◆ ASSIGNED TASK
Give back the entries below verbatim.

◆ INFORMATION SHOWN
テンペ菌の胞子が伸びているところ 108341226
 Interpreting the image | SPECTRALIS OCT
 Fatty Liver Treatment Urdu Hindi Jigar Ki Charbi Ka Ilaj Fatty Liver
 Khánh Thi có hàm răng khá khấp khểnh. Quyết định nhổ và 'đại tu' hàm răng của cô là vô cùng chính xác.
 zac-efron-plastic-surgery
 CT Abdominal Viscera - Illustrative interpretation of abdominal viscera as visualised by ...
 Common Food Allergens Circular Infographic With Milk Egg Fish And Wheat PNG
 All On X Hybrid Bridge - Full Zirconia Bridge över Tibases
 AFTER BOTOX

◆ RESPONSE
テンペ菌の胞子が伸びているところ 108341226
 Interpreting the image | SPECTRALIS OCT
 Fatty Liver Treatment Urdu Hindi Jigar Ki Charbi Ka Ilaj Fatty Liver
 Khánh Thi có hàm răng khá khấp khểnh. Quyết định nhổ và 'đại tu' hàm răng của cô là vô cùng chính xác.
 zac-efron-plastic-surgery
 CT Abdominal Viscera - Illustrative interpretation of abdominal viscera as visualised by ...
 Common Food Allergens Circular Infographic With Milk Egg Fish And Wheat PNG
 All On X Hybrid Bridge - Full Zirconia Bridge över Tibases
 AFTER BOTOX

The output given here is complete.